President Obama plans to use his address before the NAACP national conference in Philadelphia Tuesday to make the case for an overhaul of the criminal justice system to loosen harsh mandatory minimum sentences for nonviolent offenses and end disparities in punishment.

At the NAACP conference in Philadelphia Tuesday, President Obama will make the case for changes to the criminal justice system to eliminate racial disparities in sentencing and unduly harsh mandatory-minimum sentences for nonviolent offenders, White House officials said.

Obama also will argue that such an approach will leave more resources to address violent crime and that second chances are an integral part of the American ideal.

Obama's 28th visit to Pennsylvania as president comes the day after he commuted the sentences of 46 drug offenders serving long federal sentences, thus doubling the number of nonviolent criminals granted clemency during his administration.

"These men and women were not hardened criminals," Obama said Monday in a Whte House video release. He said 14 of them had been given life sentences for nonviolent drug crimes. "So their punishments didn't fit the crime," the president said.

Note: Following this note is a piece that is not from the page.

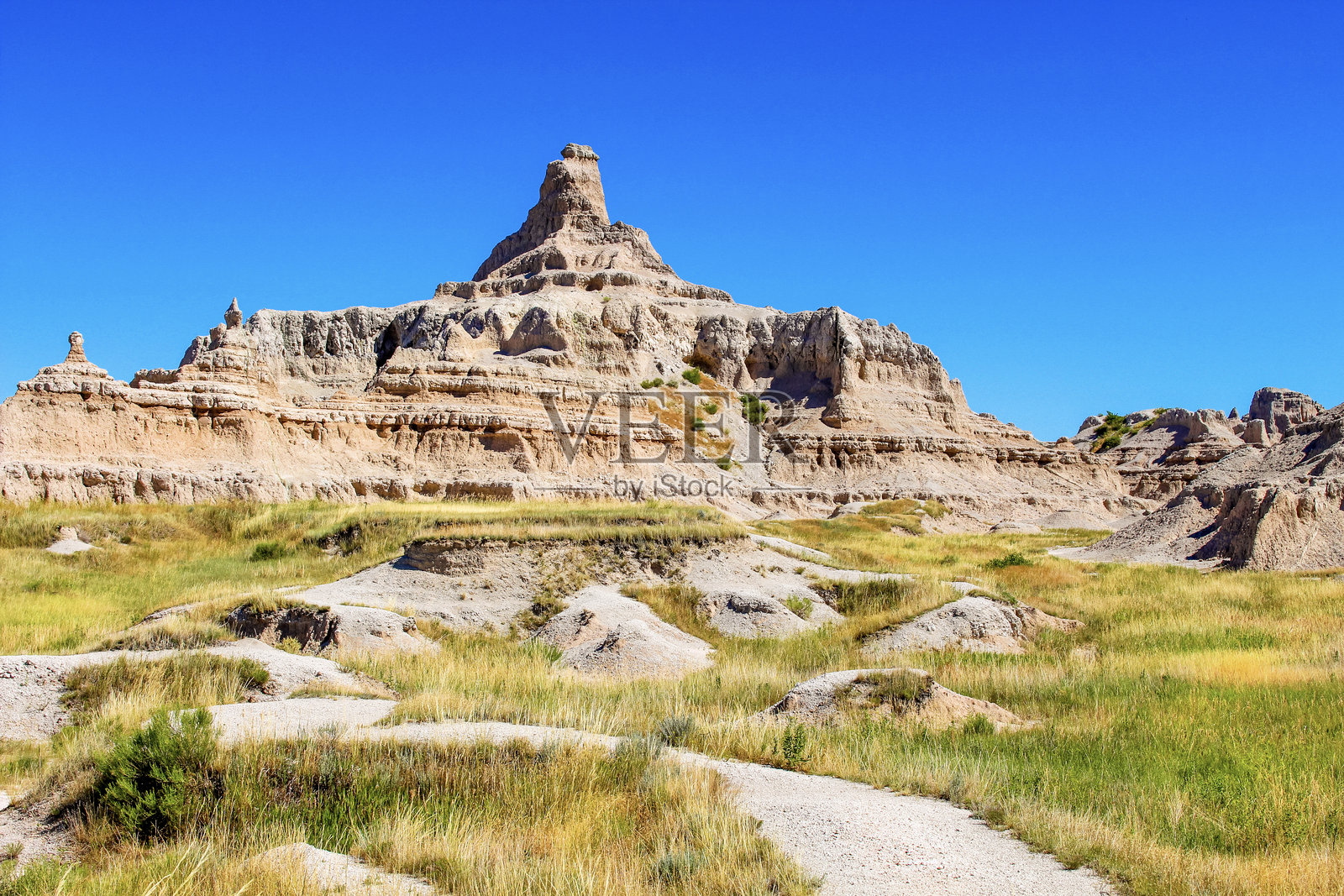 南达科他州坏地国家公园的一条通往孤丘的小径照片摄影图片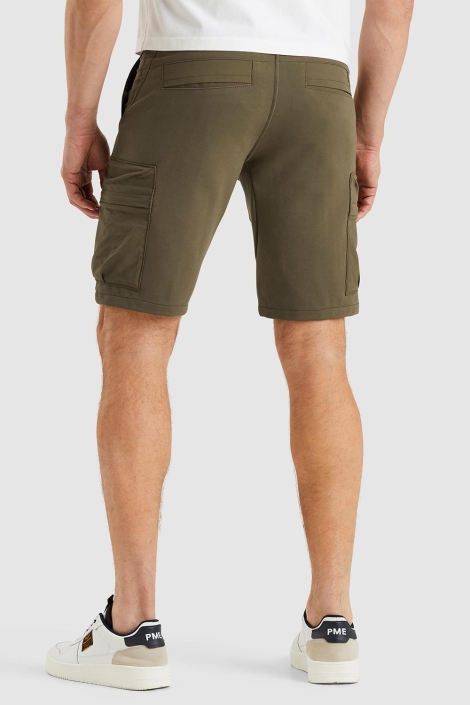 PME legend groene heren korte broek | Model achteraanzicht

"I believe that at its heart, America is a nation of second chances," Obama continued, "and I believe these folks deserve their second chance."

Mandatory minimums have disproportionately affected blacks and Latinos, and there is a developing bipartisan consensus to reform sentencing guidelines and to smooth out disparities in punishment. Several Republican presidential candidates, including Kentucky Sen. Rand Paul, have called for changes in the way the law treats nonviolent offenses.

At the NAACP national conference in the Convention Center, Obama will call on Congress to act on changes this year, the White House said.